The Group may settle litigation or regulatory proceedings prior to a final judgment or determination of liability to avoid the cost, management efforts or negative business, regulatory or reputational consequences of continuing to contest liability, even when the Group believes that it has no liability or when the potential consequences of failing to prevail would be disproportionate to the costs of settlement. Furthermore, the Group may, for similar reasons, reimburse counterparties for their losses even in situations where the Group does not believe that it is legally compelled to do so. Failure to manage these risks adequately could materially affect the Group, both financially and in terms of its reputation.

All of the above risks, should they materialise, could have a negative effect on the Group's reputation and the confidence of its customers in the Group, as well as taking a significant amount of management time and resources away from the implementation of the Group's strategy and could have an adverse impact on the Group's business, financial condition and results of operations.

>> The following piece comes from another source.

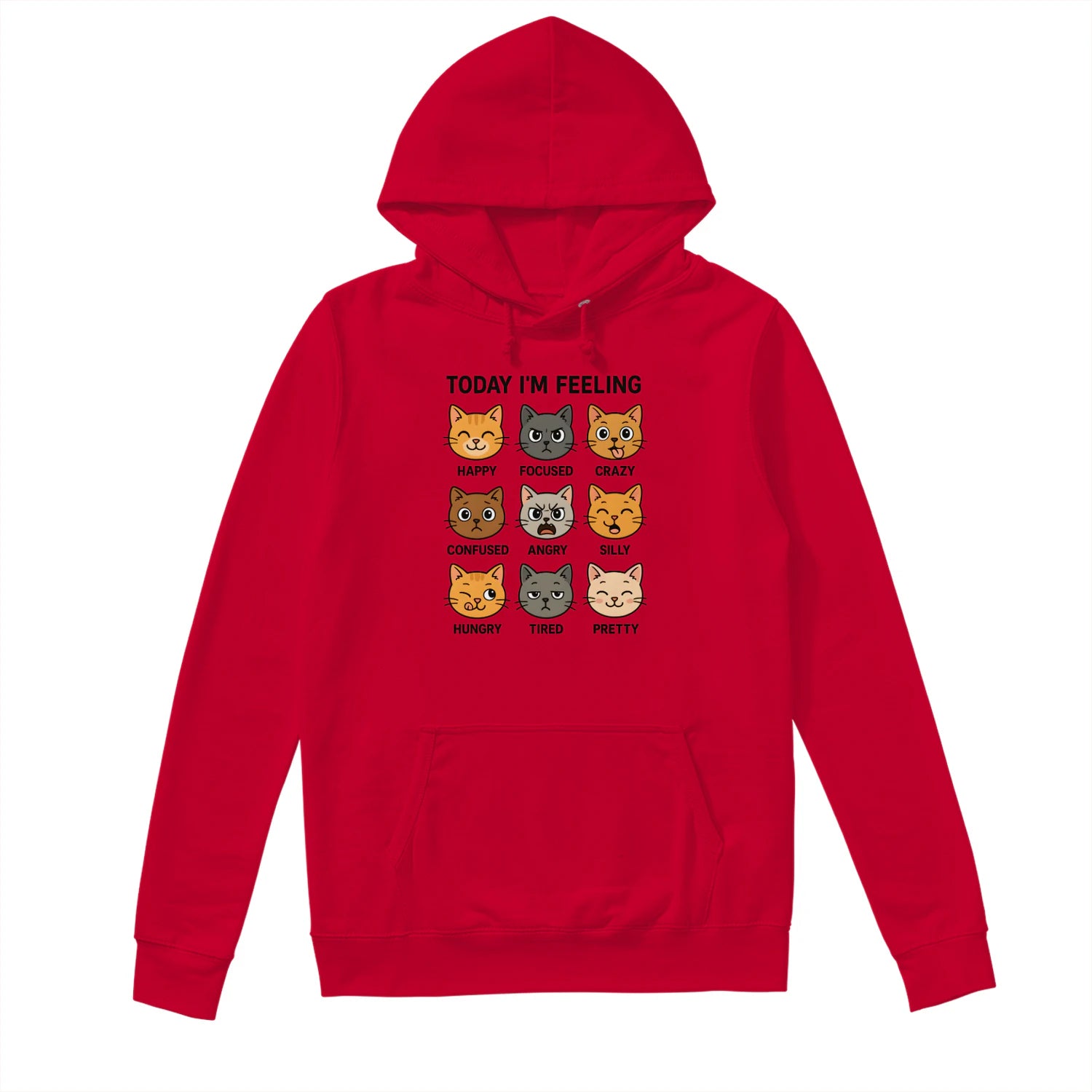 {"colors":["Red","Red","Red","Red","Red","Red","Red","Red"],"sizes":["5XL","4XL","3XL","2XL","XL","L","M","S"],"isMainImage":false}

This in turn could affect the Issuer's ability to fulfil its obligations under the Covered Bonds."

C. LITIGATION STATEMENT

The wording "the risk factor entitled "The Group faces risks associated with its operations' compliance with a wide range of laws and regulations" on pages 48 to 50 of this Base Prospectus" in paragraph 1 of the section headed "Litigation" on page 278 of the Base Prospectus shall be deleted and replaced with "the risk factor entitled "The Group faces risks associated with its operations' compliance with a wide range of laws and regulations" on pages 46 to 49 of this Base Prospectus" and such wording shall be deemed to be reference to such risk factor as amended by this Supplement.

D. SIGNIFICANT OR MATERIAL CHANGE

The first paragraph in the under the section headed "Significant or Material Change" on page 278 of the Base Prospectus shall be deemed deleted and replaced with the following:

"There has been no significant change in the financial performance and financial position of the Group since 31 December 2022, the date to which the Issuer's last published audited financial information (as set out in the Issuer's 2022 Annual Report and Accounts) was prepared. There has been no material adverse change in the prospects of the Group since 31 December 2022, the date to which the Issuer's last published audited financial information (as set out in the Issuer's 2022 Annual Report and Accounts) was prepared."